KPK Menyesalkan Putusan MK yang Melarang Jaksa Mengajukan PK

Jika jaksa tidak bisa mengajukan PK, bukan tak mungkin terpidana korupsi bisa bebas dengan mengajukan permohonan PK.

Liputan6.com, Jakarta - Wakil Ketua Komisi Pemberantasan Korupsi (KPK) Laode M Syarief buka suara terkait dengan dicabutnya hak mengajukan peninjauan kembali (PK) jaksa oleh Mahkamah Konstitusi. KPK menyebut, MK tak peka terhadap pemberantasan korupsi.

Syarief sendiri meminta hakim konstitusi peka terhadap hal itu. Sebab, jika jaksa tidak bisa mengajukan PK, bukan tak mungkin terpidana korupsi bisa bebas dengan mengajukan permohonan PK.

"Saya baca itu ada reaksi dari Jaksa Agung.
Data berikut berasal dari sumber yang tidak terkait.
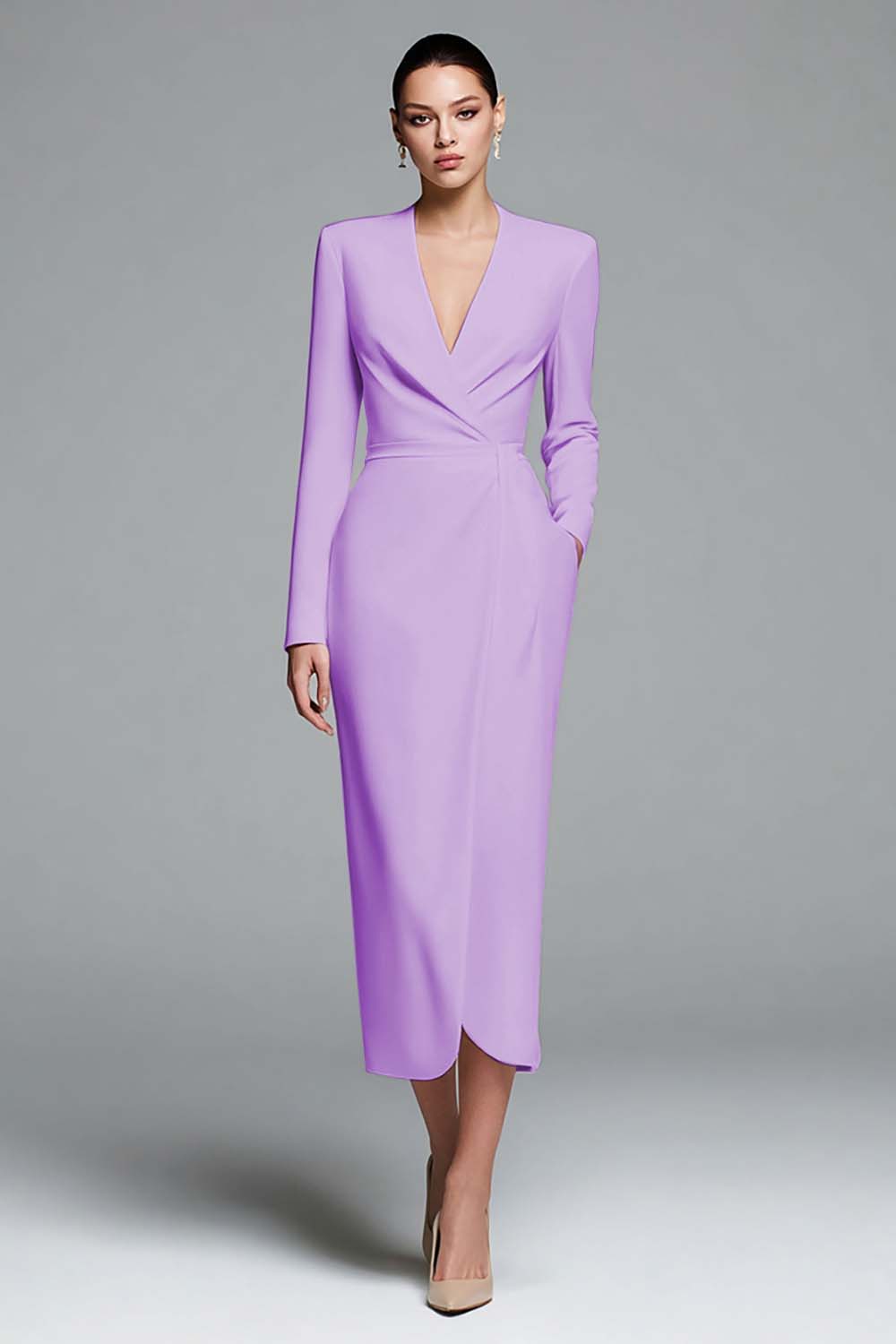 Ivory Sheath V-Neck Work Dress With Long Sleeves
Diharapkan MK itu peka terhadap pelaku korupsi," ujar Syarief di Gedung KPK, Jakarta, Selasa (17/5/2016).

Namun demikian, dia mengaku belum membaca seluruh salinan putusan MK tersebut. Pun demikian dengan pimpinan lainnya. Sehingga, KPK belum bisa memberi komentar atau tanggapan secara resmi.
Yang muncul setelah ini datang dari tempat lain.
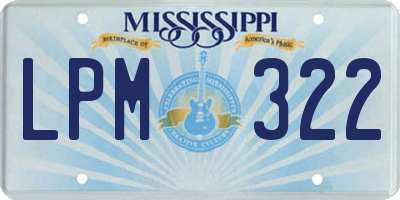 MS license plate LPM322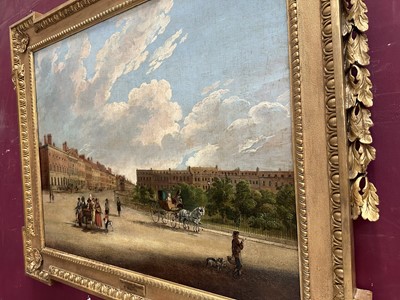 Lot 1301 - Edward Dayes (1763-1804) oil on canvas - Grosvenor Square, circa 1785, 71.5cm x 91.5cm, in fine 'Kent' frame.Provenance: property from Edward Curzon, 6th Earl Howe of Gopsall Park and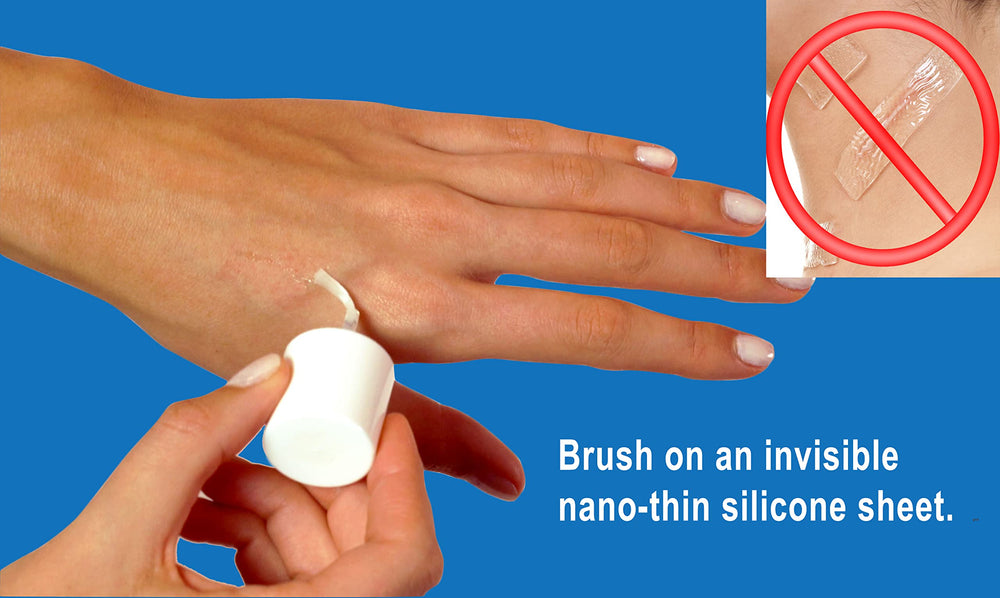 ScarGuard invisible nano-sheet dries quickly on skin for unobtrusive scar treatment.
"KPK sendiri belum bisa mengeluarkan pernyataan resmi karena kami belum baca putusannya. Mudah-mudahan dalam 1-2 hari ini kami akan mengeluarkan rilis resmi dari KPK," ujar Syarief.

 

Sebelumnya, MK mengabulkan permohonan uji materi yang diajukan Anna Boentaran, istri terpidana kasus cessie (hak tagih) Bank Bali, Djoko S Tjandra. Anna menguji materi Pasal 263 ayat (1) Undang-Undang Nomor 8 Tahun 1981 tentang Kitab Undang-Undang Hukum Acara Pidana atau KUHAP.
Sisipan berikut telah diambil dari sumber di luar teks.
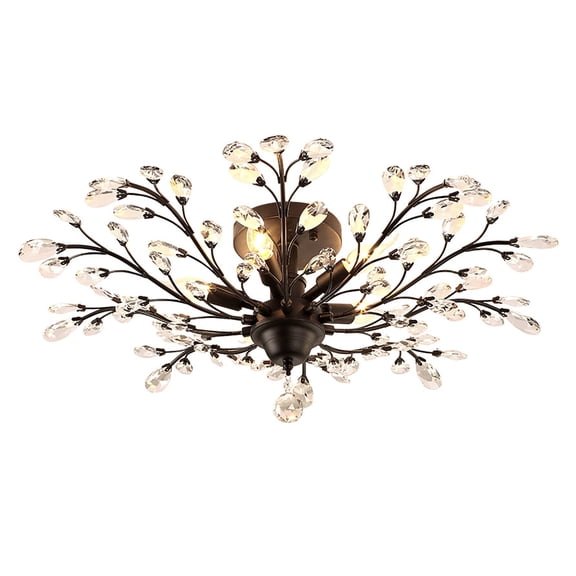 Crystal Branches Chandeliers 5 Lights Vintage Crystal Pendant Lamp Modern LED Pendant Lighting Flower Ceiling Light Fixture Flower Bouquet Shape for Bedroom Dining Room Living Room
Dalam putusannya, majelis hakim konstitusi menyatakan bahwa jaksa penuntut umum (JPU) tidak bisa mengajukan peninjauan kembali atas putusan pengadilan yang berkekuatan hukum tetap.

Hakim Konstitusi menegaskan bahwa dalam Pasal 263 ayat 1, yang berhak mengajukan PK adalah terpidana atau ahli warisnya, tidak termasuk jaksa.

Dengan adanya putusan tersebut, maka JPU pada KPK tidak dapat mengajukan PK ke Mahkamah Agung, jika pada tingkat kasasi, terdakwa kasus korupsi bebas dari jeratan hukum. Apalagi, PK adalah upaya hukum terakhir yang dapat ditempuh dalam tahapan peradilan.